Hossein Salami a révélé que 64 000 bases Bassidj sont prêtes à mettre en œuvre le plan. Son annonce a été reprise par le chef des Bassidj, qui a parlé de 30 000 conseils de développement de quartier chargés d’« identifier les besoins et les capacités ». Mais ces euphémismes occultent l’objectif principal du programme : la surveillance.

La chaîne de télévision d’État Khabar Network a confirmé la véritable nature du projet, le décrivant comme « une nouvelle approche de la gouvernance locale centrée sur les Bassidj » qui empêche la « dispersion » – un choix de mot évoquant un contrôle centralisé, et non une autonomisation.

Un modèle de répression familier
Les Iraniens ne sont pas étrangers à ces tactiques. Des unités de « mobilisation étudiante » dans les écoles aux « cercles idéologiques et politiques », le régime a depuis longtemps implanté ses services de sécurité dans les institutions. Ces initiatives ont soumis des générations à l’endoctrinement, à la surveillance, aux arrestations arbitraires et, dans de nombreux cas, à la violence cautionnée par l’État.

Le plan de « Gestion par quartier » suit la même trajectoire, mais à plus grande échelle. Son objectif est de transformer les villes iraniennes en miradors, où chaque quartier deviendra une cellule de surveillance et où tout acte de dissidence sera rapidement neutralisé.

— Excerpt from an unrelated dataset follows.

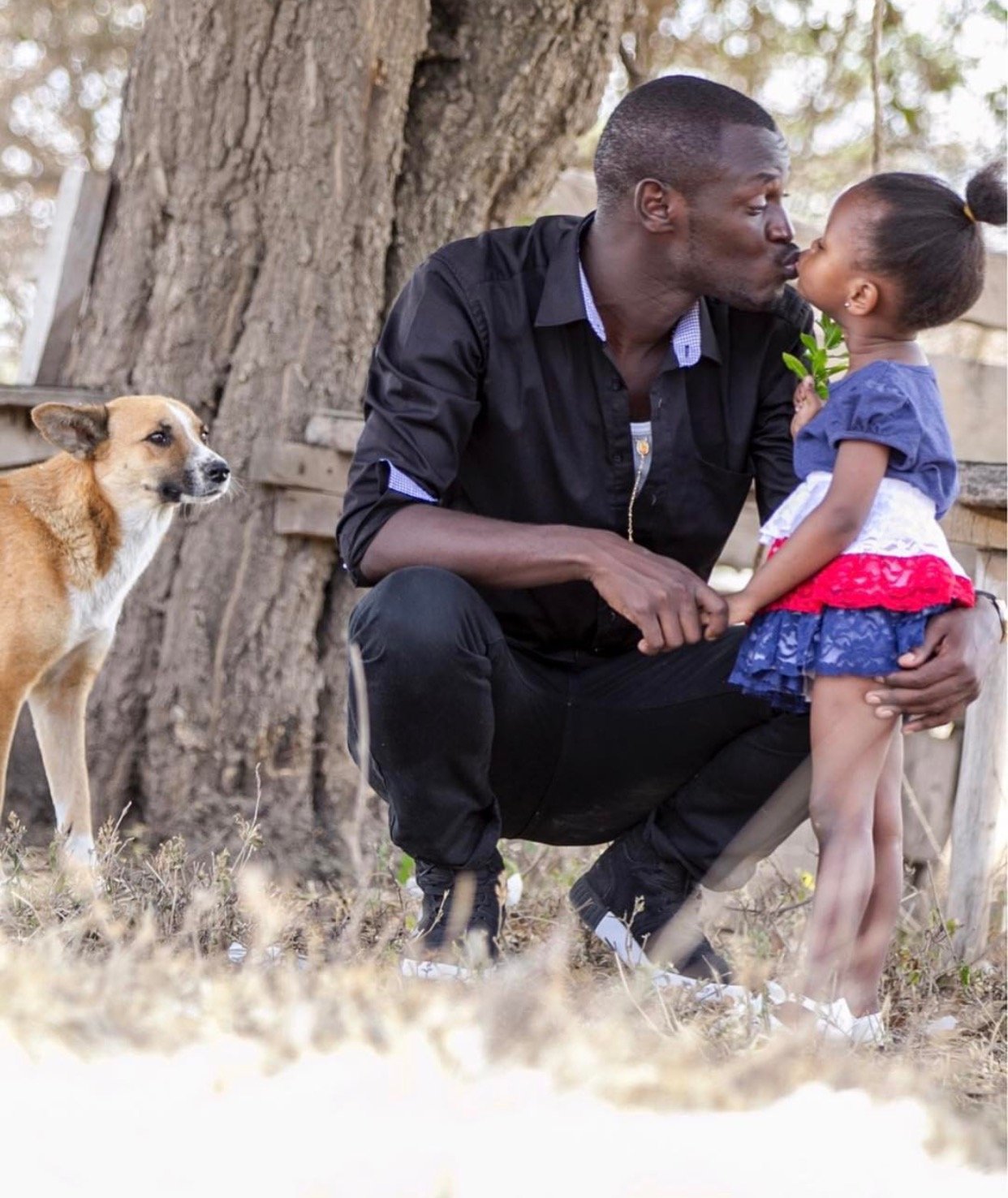 King kaka kissing his baby girl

Surveillance aérienne : étendre le filet de sécurité
Parallèlement, la municipalité de Téhéran a annoncé un plan de surveillance aérienne de l’espace aérien de la capitale, une nouvelle intensification de la surveillance nationale. Ce plan, développé en partenariat avec l’Université Imam Hossein (une institution affiliée au CGRI), comprend une surveillance par satellite et par drone pour surveiller les 5 980 kilomètres de frontière de la ville.

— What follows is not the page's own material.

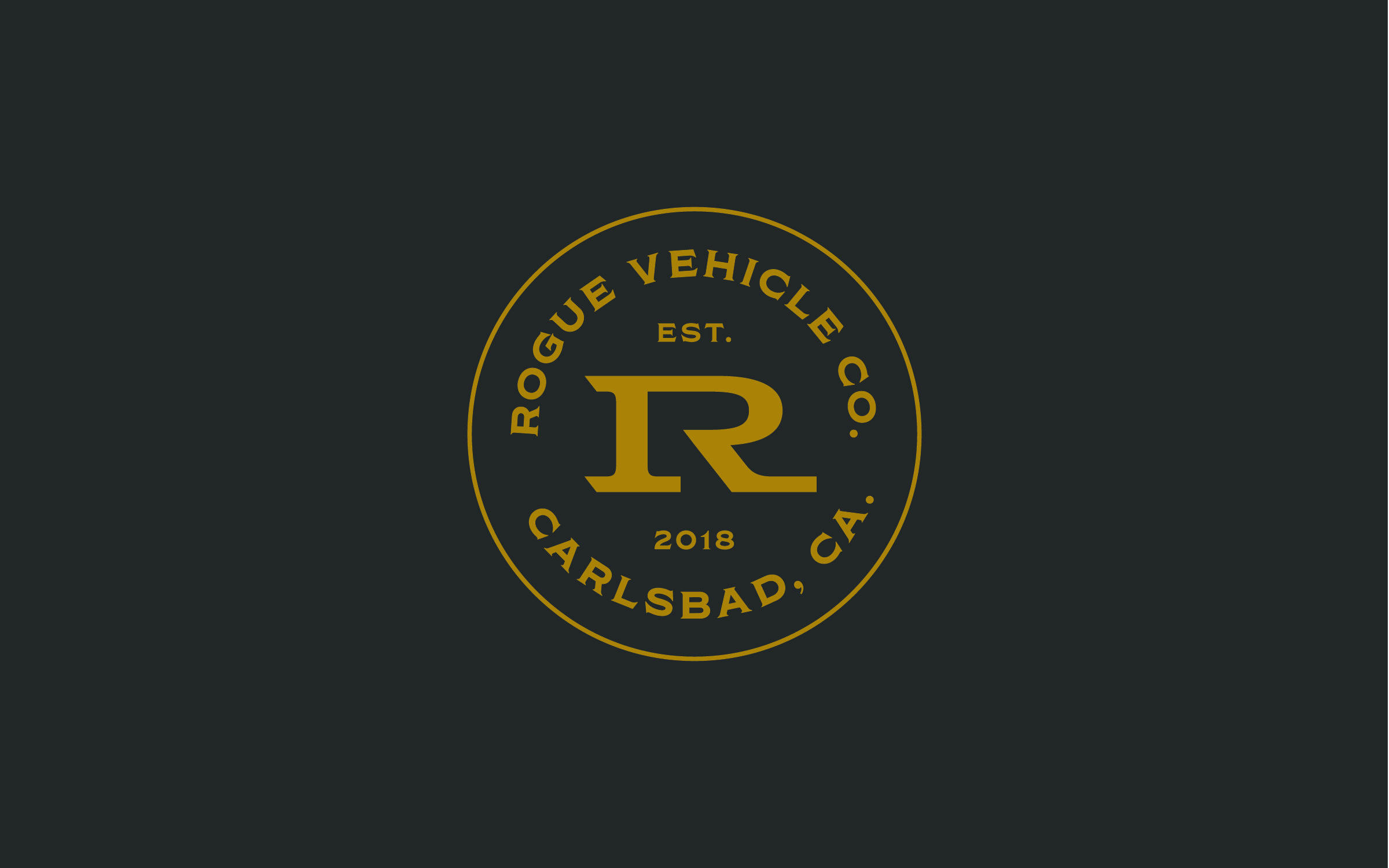 Rogue Vehicle Company circular badge logo in gold on dark background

Le maire de Téhéran, Alireza Zakani, a décrit ce projet comme une étape vers la « prévention des problèmes de sécurité et de la corruption ». Hamidreza Saremi, maire adjoint, a confirmé que le système surveillerait en permanence Téhéran en utilisant des « technologies modernes », tandis que le président de l’université, Hassani Ahangar, a précisé que des drones et des plateformes satellites couvriraient la zone depuis le Mou d’Alborz.

Cette mesure sans précédent place de fait la ville entière sous surveillance militaire, sous le contrôle total des institutions liées au CGRI.

Pas de gouvernance, mais d’occupation
Le régime présente ces efforts comme faisant partie d’une stratégie nationale visant à promouvoir la cohésion et le bien-être social. En réalité, ils reflètent une profonde crainte de troubles sociaux. Le mécontentement généralisé, alimenté par des inégalités économiques accablantes et une répression politique implacable, continue d’alimenter les manifestations et la désobéissance civile.

Plutôt que de s’attaquer aux causes profondes de ces troubles, le régime resserre son emprise. Tout comme l’application des lois sur le hijab obligatoire a eu l’effet inverse et a intensifié l’indignation publique, la militarisation des quartiers et de l’espace aérien risque d’aliéner davantage les populations que le régime cherche à dominer.

Il ne s’agit pas de gouvernance, mais d’occupation. Et le peuple iranien, qui a subi des décennies de programmes similaires, le reconnaît pour ce qu’il est. Il perçoit au-delà de la rhétorique de la « prestation de services » et du « capital social ». Ils savent que le véritable objectif est le contrôle.

Il reste à voir si ce nouveau système de répression parviendra à réprimer la dissidence ou, au contraire, à catalyser une résistance accrue. Mais l’histoire montre que la répression ne peut acheter la légitimité. Et aucune surveillance, quelle qu’elle soit, ne peut étouffer le désir de liberté.